After engineers planning the Eglinton Crosstown determined a Leslie Street/Sunnybrook Park station would be under-used and would not lead to intensification because there were already lots of residential towers in the area, local citizens banded together on Twitter to create a storm and, given an election was coming, Toronto council voted to keep the station, at a cost of $80 million.
“Social media is never a replacement for community meetings, traditional marketing and customer analysis,” said El-Diraby. “It is complementary only.”
An analytics team tracked the Eglinton Crosstown process extensively to learn how communities were grouping together or diverging on strategy. A total of 33,135 distinct words were identified on Twitter relating to the process and analyzed. The project team had special insights when, for example, in January 2013, Toronto councillors proposed proceeding with the Eglinton section but delaying the Scarborough link.
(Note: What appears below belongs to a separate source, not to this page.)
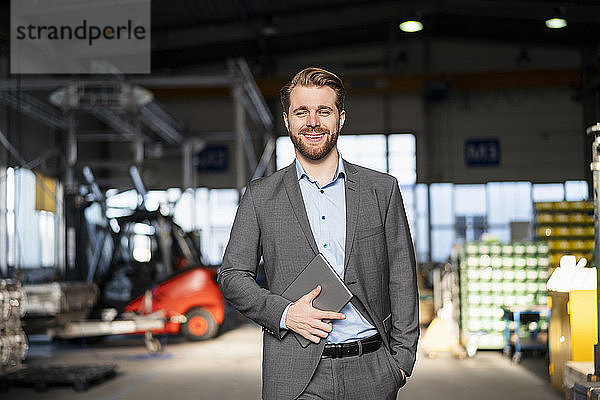 Porträt eines lächelnden jungen Geschäftsmannes mit Tablet in einer Fabrik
“The beauty of the social, it’s called unstructured data because it comes in a text, but boy does it have a lot of knowledge in it,” said El-Diraby.
In the race of the knowledge haves and have-nots, he said, the haves are pulling away and using a whole new stakeholder engagement vocabulary that includes such terms as “social semantic analysis” to decide where bike-sharing depots should be placed in New York City, the “social BIM” of projects to create an “as built” record, “blockmodelling” that compares networks of information and “product ontology” that enables constructors to embed project data into existing web pages and databases.
El-Diraby said if the takeover of Aecon by the construction arm of the China Communications Construction Co. had gone through, the Canadian firm would have had a window into extensive new data usage practices.
“When you look at the China construction company, they are investing tons of money in intelligence and security, they have no limits,” he said. “When you look at the Germans, they are way ahead of us in this regard. So the Canadian construction industry should be aware of that.”
But Canada seems to be content with its current modest strengths and profits, El-Diraby said, with only a handful of large firms taking the leap forward into serious data analytics.
“Thankfully a couple of actors are doing well,” he said, referring specifically to EllisDon, PCL and IBI. “So I hope this will send the right message.”
Meanwhile, Canada’s public agencies are “way behind,” El-Diraby charged.
“The Ministry of Transportation, the cities, their perspective on decision-making is more complicated than a contractor who is calculating how much is the cost,” he said. “Their perspective must include responses to the community, responses to economic development, protection of the environment, being equitable, being protective of privacy.”